Sunvoice

EDITORIAL: Vanuabalavu Brutality Allegations Serious Cause For Concern

Clamping down on reports and allegations of Police brutality is a constant challenge for Fiji and many other countries. The latest allegation was reported from Vanuabalavu, Lau, on July 18
22 Jul 2015 11:02
EDITORIAL: Vanuabalavu Brutality Allegations Serious Cause For Concern

Clamping down on reports and allegations of Police brutality is a constant challenge for Fiji and many other countries.

The latest allegation was reported from Vanuabalavu, Lau, on July 18 with pictures purporting to show the consequences of the alleged acts.

A Police team from Suva will board the first available flight to Vanuabalavu to investigate the case.

If reports are true about the beating of the 43-year-old father of three from Mavana village then justice must be served.

Some children from the same village were alleged to have been assaulted by Police in front of other students.

Police are already feeling the pressure of not apprehending the alleged Nakasi rapists of a nine-year old.

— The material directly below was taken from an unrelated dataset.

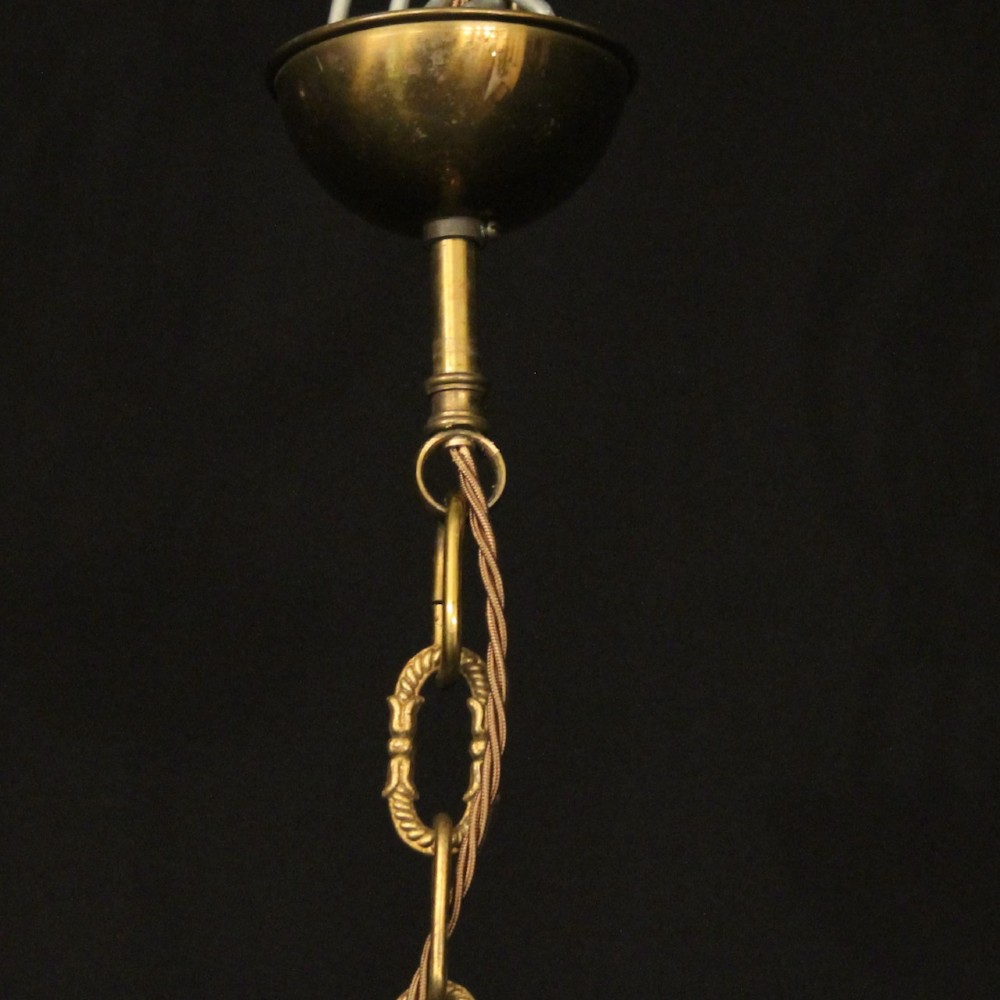 A cylindrical gilded brass hall lantern featuring curved convex glass panels and an internal four-light cluster. View X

The adverse publicity related to this latest allegation will not help their reputation.

The Constitution is very clear about the rights of Fijians. Police officers should be reminded of the Bill of Rights Section 11 (1) and (2).

(1) Every person has the right to freedom from torture of any kind, whether physical, mental or emotional, and from cruel, inhumane, degrading or disproportionately severe treatment or punishment.

(2) Every person has the right to security of the person, which includes the right to be free from any form of violence from any source, at home, school, work or in any other place.

A question that pops up is the type of training our Police officers go through.

It is generally up to Police officers to weigh whether they are being threatened, whether bystanders are being threatened, and what force the suspect is using to resist arrest, experts say. The goal is to get a suspect to “comply” — to be subdued enough not to resist arrest.

Police officers should be reminded that members of the public have high expectations on them.

Commissioner Ben Groenewald had said he would not condone abuse of power by any of his officers.

A social worker said: “There is no denying that Police everywhere have an incredibly difficult job. They face immense pressure on a day-to-day basis and the amount of restraint they need to exercise with unruly people is taxing. These difficulties acknowledged, it is their job to show restraint and demonstrate their faith in the judicial system of the country they serve. It is their job to act as role models for the people, and it is their job not to abuse their positions of power and authority.”

Police should be reminded that we are not anti-Police, we are anti-Police brutality.